The other forum that it was originally posted in stated "dog abuse," I personally don't agree with it mostly in that It dosn't look effective. I've had to hang one of my dogs before when he was young, and it worked great, and thats just habit for me now if a dog starts to get retarded. I don't understand what the guy is trying to do.

I guess I will rephrase my question as, does anyone think this is an effective way to deal with a dog like this (or any dog) in this situation? and why?


----------



## Jeff Oehlsen (Apr 7, 2006)

It is not abuse, it is a dog that does not understand what is expected of him. 

I saw this video years ago, and people were FLIPPING the **** out about it. I don't see any of their dog training videos. LOL 

There needs to be some sort of administrative limit on slamming cops for not knowing how to train or restrain a dog.

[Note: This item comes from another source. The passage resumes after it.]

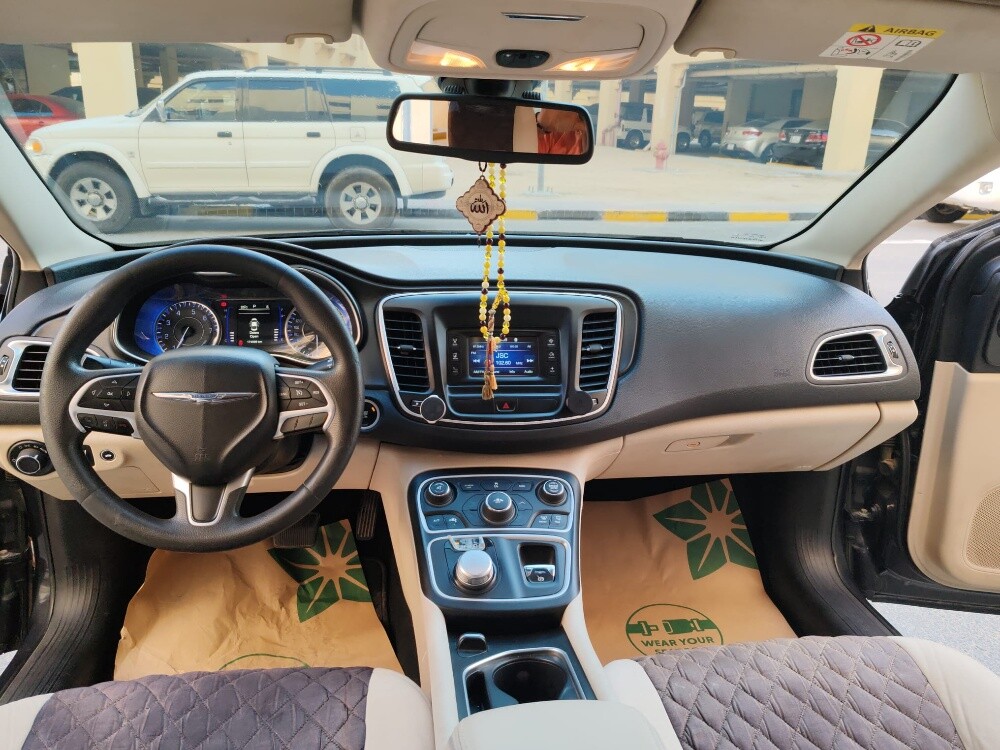 كرايسلر سي ٢٠٠ - 15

It is like teaching the defense of handler to a dog that does not know how to sit under distraction yet. There is no foundation of obedience for this guy to fall back on.

Not really that big a deal.


----------



## Jim Nash (Mar 30, 2006)

This is another one of the herpes videos that just keeps poping up every couple of years . I've been in a few discussions about it over the years . 

My opinion the " Alpha Roll " is #1 it's ineffective and #2 dangerous(for the handler) . 

I have got to say I'd be pissed off too if my dog is biting me and the training director is telling me to do something that is going to get me bit some more . Lucky for the handler that that dog was taking it easy on him . The handler could have been bitten severely doing that . 

As fo the dog he didn't seem to bothered by any of it .


----------



## Meng Xiong (Jan 21, 2009)

"herpes video" LoL....


----------



## Jennifer Coulter (Sep 18, 2007)

Anna Kasho said:


> It's a good video illustrating how to tell when your corrections aren't working. Made me laugh because it's so typical of a mal acting stupid - and you can see by the dog's body language each time the handler lets him up that the dog didn't learn a thing. I think both dog and handler are acting out of frustration... And the handler isn't really thinking either.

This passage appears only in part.